Please return the listing exactly as it stands, skipping any pictures.
[Opening INPUT RECORDS section]
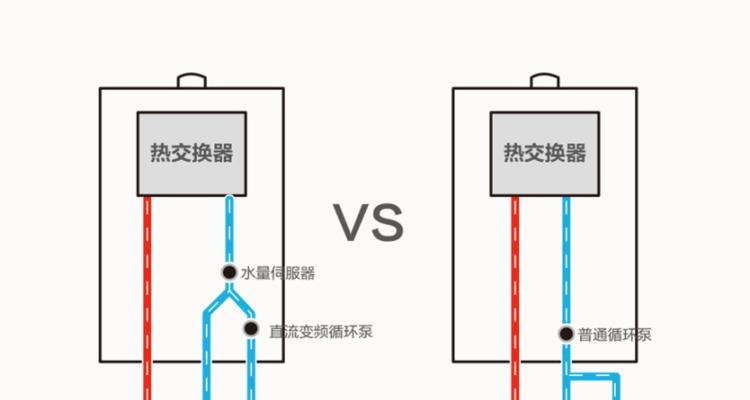 海尔燃气灶炉头安装指南（简明易懂的安装步骤让您轻松享受美食）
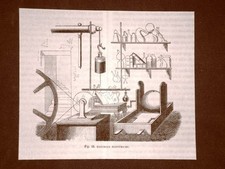 Incisione del 1875 usato  Villarosa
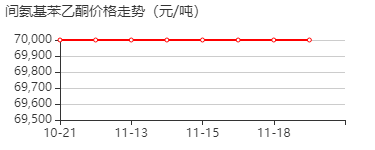 间氨基苯乙酮 价格行情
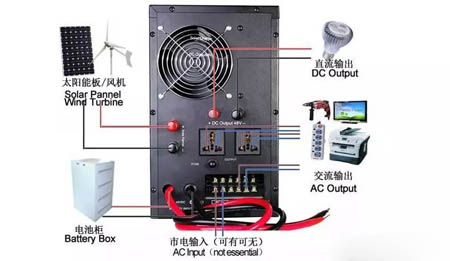 汽油发电机组原理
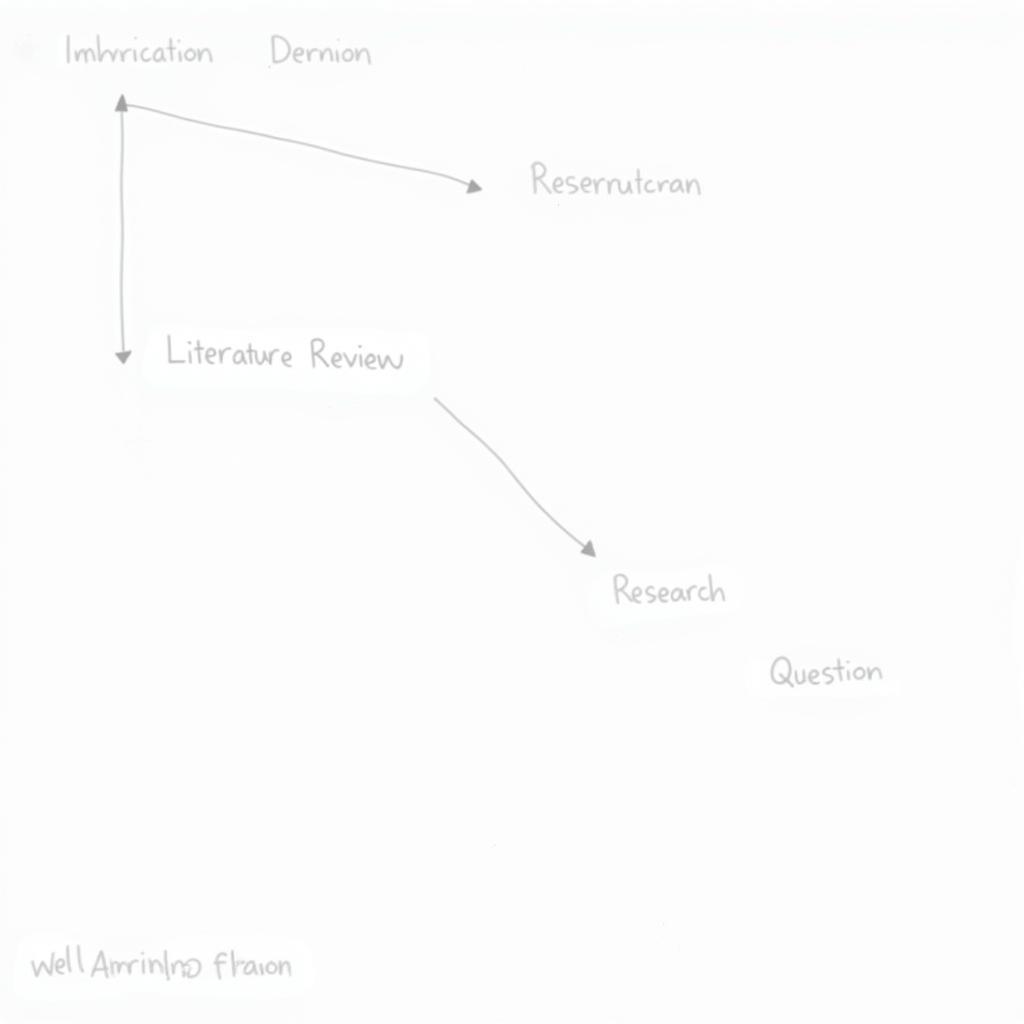 Flowchart Illustrating the Research Process from Problem Identification to Rationale Development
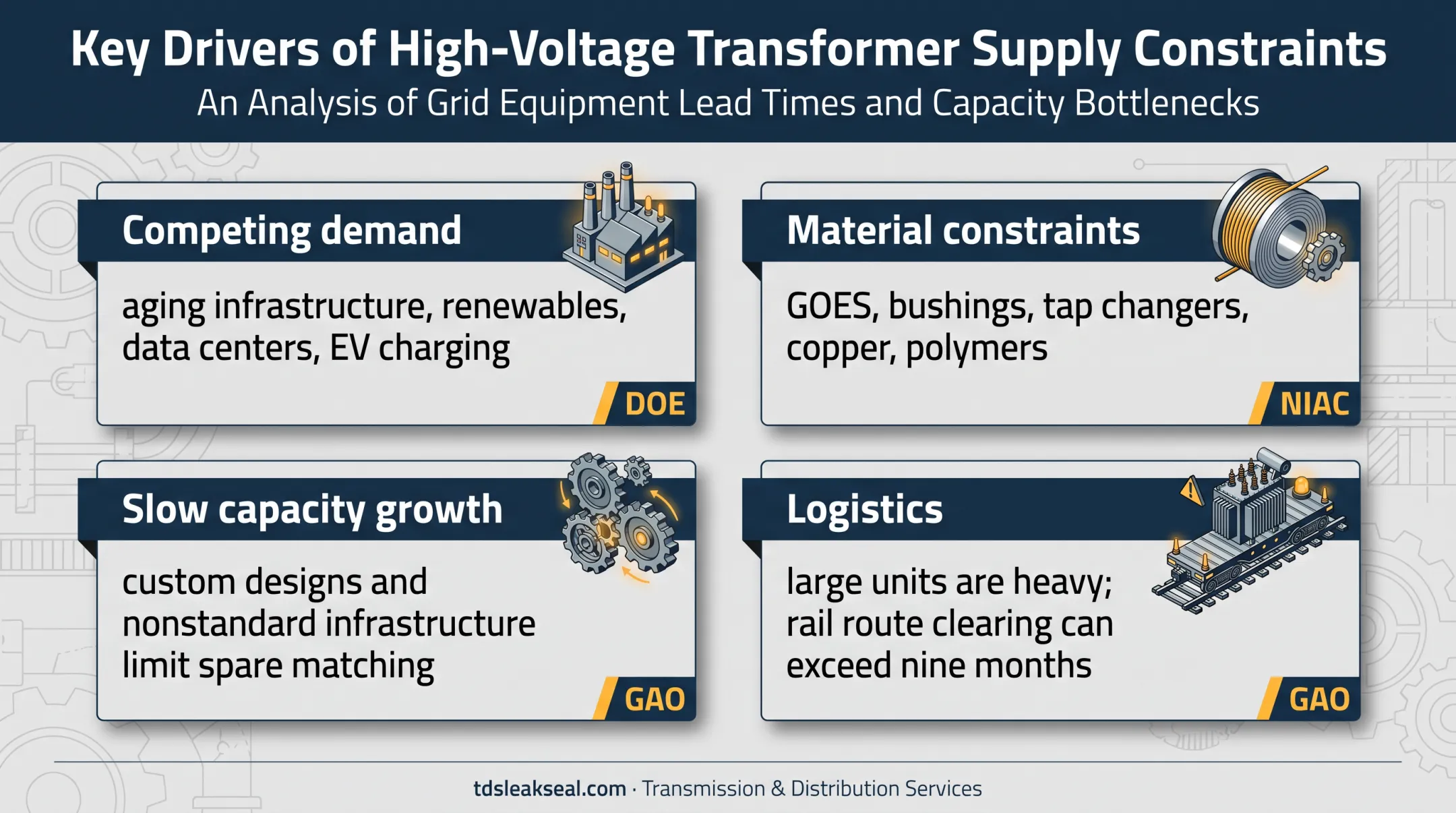 Four causes of extended power transformer lead times infographic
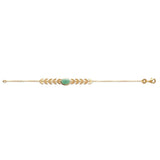 Bracelet Aventurine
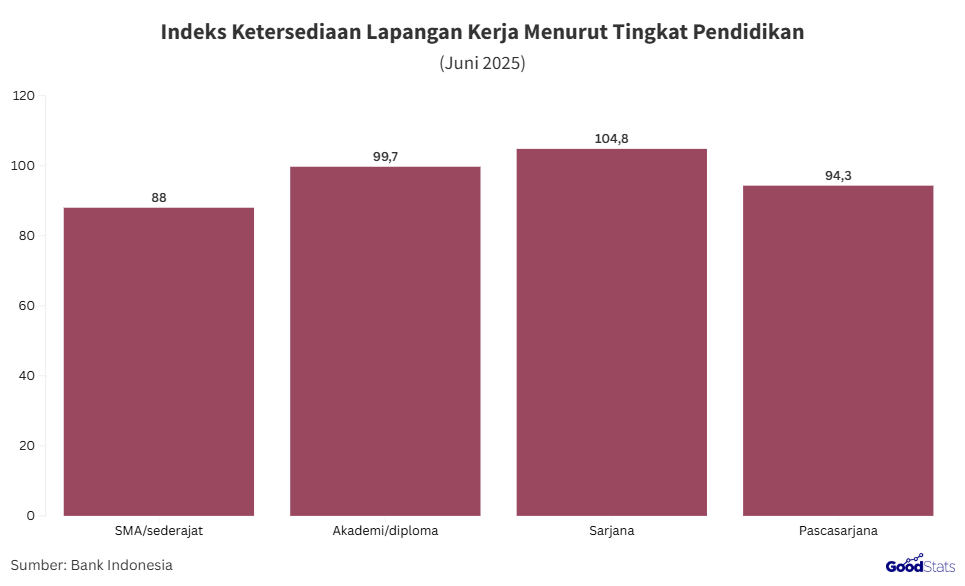 IKLK menurut kelompok pendidikan Juni 2025 | GoodStats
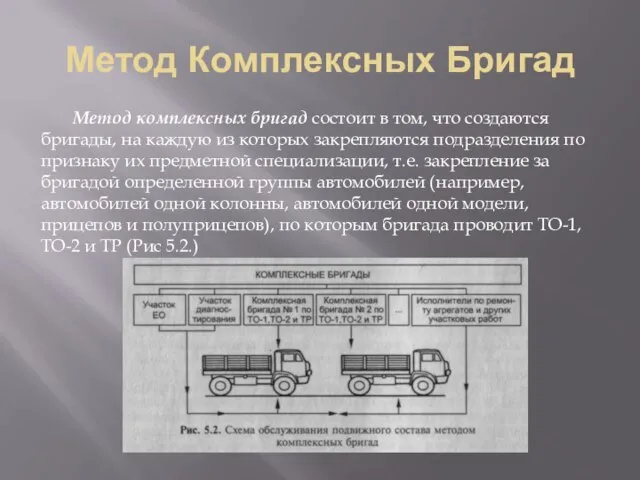 Метод Комплексных Бригад Метод комплексных бригад состоит в том, что создаются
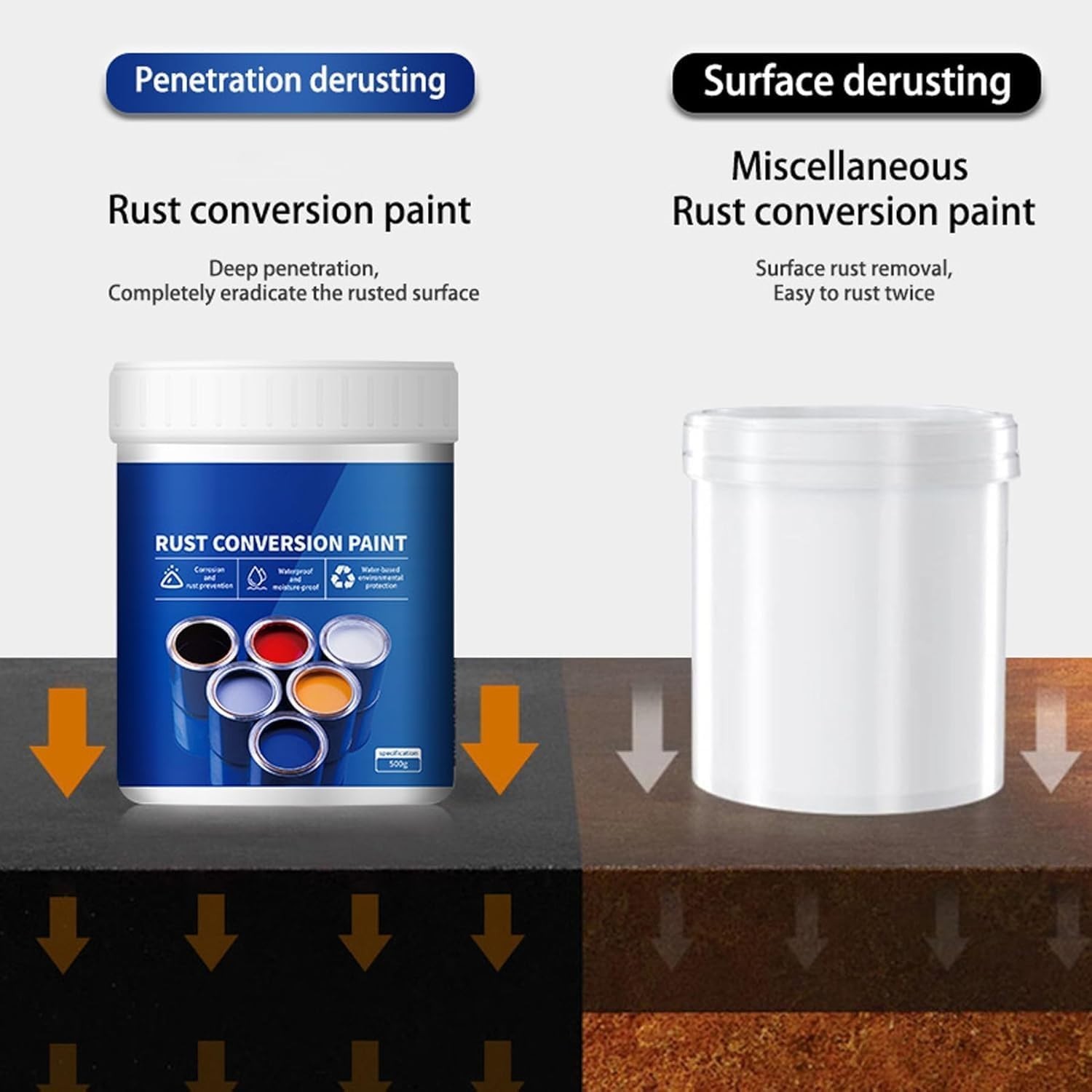 Water-Based Rust Converter & Primer for Metal, 10.7 Oz – Waterproof Protection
[Closing INPUT RECORDS section]
• _EXERCISE SOLUTION_
 海尔燃气灶炉头安装指南（简明易懂的安装步骤让您轻松享受美食）
 Incisione del 1875 usato  Villarosa
 间氨基苯乙酮 价格行情
 汽油发电机组原理
 Flowchart Illustrating the Research Process from Problem Identification to Rationale Development
 Four causes of extended power transformer lead times infographic
 Bracelet Aventurine
 IKLK menurut kelompok pendidikan Juni 2025 | GoodStats
 Метод Комплексных Бригад Метод комплексных бригад состоит в том, что создаются
 Water-Based Rust Converter & Primer for Metal, 10.7 Oz – Waterproof Protection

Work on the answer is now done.